More than a quarter of wealthy savers have taken measures to minimise a future Inheritance Tax (IHT) liability, with cash gifts proving the most popular approach, research from Paragon Bank has shown. Paragon's survey of over 2,000 active savers with balances exceeding £50,000 revealed that 28% had taken deliberate action to reduce their IHT exposure, with 68% of those choosing to give cash.
Other prevalent strategies wealthy savers are employing to lower their IHT bill include boosting their lifestyle spending (37%), creating a trust or alternative legal arrangement (27%) and arranging charitable donations from their estate (23%). Furthermore, 16% had transferred an asset, such as property or land.
The research revealed that among those gifting cash, a third (33%) donate up to £3,000 per tax year, enabling them to remain within the annual gifting threshold. Meanwhile, a quarter (24%) have made individual cash gifts exceeding £3,000.

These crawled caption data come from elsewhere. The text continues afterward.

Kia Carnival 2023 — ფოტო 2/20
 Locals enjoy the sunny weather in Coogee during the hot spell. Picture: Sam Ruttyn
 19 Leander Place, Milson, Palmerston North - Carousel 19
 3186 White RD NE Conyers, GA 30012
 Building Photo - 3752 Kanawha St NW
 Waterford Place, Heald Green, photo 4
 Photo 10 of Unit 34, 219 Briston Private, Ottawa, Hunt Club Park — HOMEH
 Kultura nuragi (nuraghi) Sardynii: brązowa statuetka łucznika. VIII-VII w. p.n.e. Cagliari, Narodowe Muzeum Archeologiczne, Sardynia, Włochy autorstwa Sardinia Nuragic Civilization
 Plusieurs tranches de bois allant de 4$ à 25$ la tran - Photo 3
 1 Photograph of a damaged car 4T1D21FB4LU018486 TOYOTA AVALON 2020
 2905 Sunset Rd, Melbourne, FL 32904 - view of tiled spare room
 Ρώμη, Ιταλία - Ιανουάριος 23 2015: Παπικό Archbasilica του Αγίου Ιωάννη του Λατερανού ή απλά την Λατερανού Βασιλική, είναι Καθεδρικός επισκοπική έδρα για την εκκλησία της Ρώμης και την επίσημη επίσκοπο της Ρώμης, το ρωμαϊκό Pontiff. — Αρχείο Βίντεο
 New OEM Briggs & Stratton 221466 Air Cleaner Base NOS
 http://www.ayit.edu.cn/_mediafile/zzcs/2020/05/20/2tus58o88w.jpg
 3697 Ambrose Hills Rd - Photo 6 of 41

More than a quarter (27%) of those providing cash beyond the annual gifting threshold have donated between £3,000 and £10,000, while 19% have transferred between £10,000 and £25,000 as a single lump sum. A third (30%) have donated between £25,001 and £100,000, with more than one in 10 (14%) gifting over £100,000.
Of this group, 38% expressed concern about the seven-year gifting rule, while 3% admitted they were unaware of it entirely. When questioned about the recipients of their gifts, almost half said they had given cash to their children (48%), a quarter had gifted to grandchildren (25%), 19% to other family members, and 15% had made cash donations to charity.
Paragon said the results indicated that many savers were choosing to act sooner rather than leaving wealth planning until later in life. Almost half of respondents (48%) said they had looked into IHT rules as part of their financial planning, "underlining a proactive approach to managing their finances and minimising tax liabilities".
Despite transferring money out of their estates, the majority of lifetime gifters appeared at ease with the choices they were making. More than four in 10 (44%) said they had no concern whatsoever about exhausting their funds in later life, with a further 44% saying they were not particularly worried. Just over a tenth (12%) admitted to feeling slightly concerned.
Overall, the majority of respondents held an unfavourable view of IHT, with almost two-thirds (61%) stating it was unjust and in need of reform. Just one in 10 (11%) considered it a fair means of taxing wealth.
Andrew Wright, head of savings at Paragon Bank, said: "As Inheritance Tax rules continue to evolve, many people are taking practical steps to safeguard their wealth for future generations, whether that means gifting cash, reviewing their wills or putting structures in place to manage how wealth is passed on.
"What is particularly striking is that those making lifetime gifts are largely doing so from a position of confidence. Most do not feel concerned about running short later in life, which suggests they are planning carefully and acting with purpose rather than simply reacting to future tax liabilities.
"Even with that willingness to act, IHT remains an area where many people still lack confidence. The rules can be complex, so it is important that savers take the time to understand their options and make decisions that are right for their long-term financial position, their families and the legacy they want to leave."